Suppose we have two angular momenta which are independent and commute with each other, \(\hat{\mathbf{J}}_1\) and \(\hat{\mathbf{J}}_2\). Then we have the following commutation relations: \[\begin{aligned} [\hat{J}_{1i}, \hat{J}_{1j}] &= i\hbar \epsilon_{ijk} \hat{J}_{1k}\\ [\hat{J}_{2i}, \hat{J}_{2j}] &= i\hbar \epsilon_{ijk} \hat{J}_{2k} \\ [\hat{J}_{1i}, \hat{J}_{2j}] &= 0. \end{aligned}\] We can then define the total angular momentum operator as: \[\hat{\mathbf{J}} = \hat{\mathbf{J}}_1 + \hat{\mathbf{J}}_2.\] Then: \[[\hat{J}_i, \hat{J}_j] = [\hat{J}_{1i} + \hat{J}_{2i}, \hat{J}_{1j} + \hat{J}_{2j}] = i\hbar \epsilon_{ijk} (\hat{J}_{1k} + \hat{J}_{2k}) = i\hbar \epsilon_{ijk} \hat{J}_k.\] We now claim put forth the following claim.
Theorem 1. The following operators all commute: \(\hat{J}_1^2, \hat{J}_{1z}, \hat{J}_2^2, \hat{J}_{2z}.\)
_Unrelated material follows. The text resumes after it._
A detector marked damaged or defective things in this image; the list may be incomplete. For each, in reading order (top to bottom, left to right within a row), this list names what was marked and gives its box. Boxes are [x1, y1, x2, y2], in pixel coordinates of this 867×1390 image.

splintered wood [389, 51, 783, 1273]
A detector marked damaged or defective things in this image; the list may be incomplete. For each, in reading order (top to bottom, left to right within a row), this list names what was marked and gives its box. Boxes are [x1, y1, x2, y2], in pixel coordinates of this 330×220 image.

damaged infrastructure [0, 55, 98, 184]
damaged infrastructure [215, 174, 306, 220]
Proof. This is obvious since \(\hat{\mathbf{J}}_1\) and \(\hat{\mathbf{J}}_2\) commute, and \([\hat{J}_1^2, \hat{J}_{1z}^2] = [\hat{J}_{2}^2, \hat{J}_{2z}] = 0.\) ◻
As a result, we can form eigenstates with the labels \(\lvert j_1, m_1, j_2, m_2 \rangle\) such that: \[\begin{aligned} \hat{J}_1^2 \lvert j_1, j_2, m_1, m_2 \rangle &= \hbar^2 j_1 (j_1 + 1) \lvert j_1, j_2, m_1, m_2 \rangle, \\ \hat{J}_2^2 \lvert j_1, j_2, m_1, m_2 \rangle &= \hbar^2 j_2 (j_2 + 1) \lvert j_1, j_2, m_1, m_2 \rangle, \\ \hat{J}_{1z} \lvert j_1, j_2, m_1, m_2 \rangle &= \hbar m_1 \lvert j_1, j_2, m_1, m_2 \rangle, \\ \hat{J}_{2z} \lvert j_1, j_2, m_1, m_2 \rangle &= \hbar m_2 \lvert j_1, j_2, m_1, m_2 \rangle. \end{aligned}\] These states are formed from the tensor product of the states with different angular momentum. The corresponding operators act on the corresponding states. As an example, we would have \(|j_1,m_1\rangle\otimes|j_2,m_2\rangle=|j_1,j_2,m_1,m_2\rangle\), with the \(\hat{J}_1\) operators acting on the first state in the tensor product and the \(\hat{J}_2\) operators acting on the second state. Keeping the tensor product notation around is unwieldy so we drop it. This first basis is called the uncoupled basis, because the angular momenta are and remain indeendent.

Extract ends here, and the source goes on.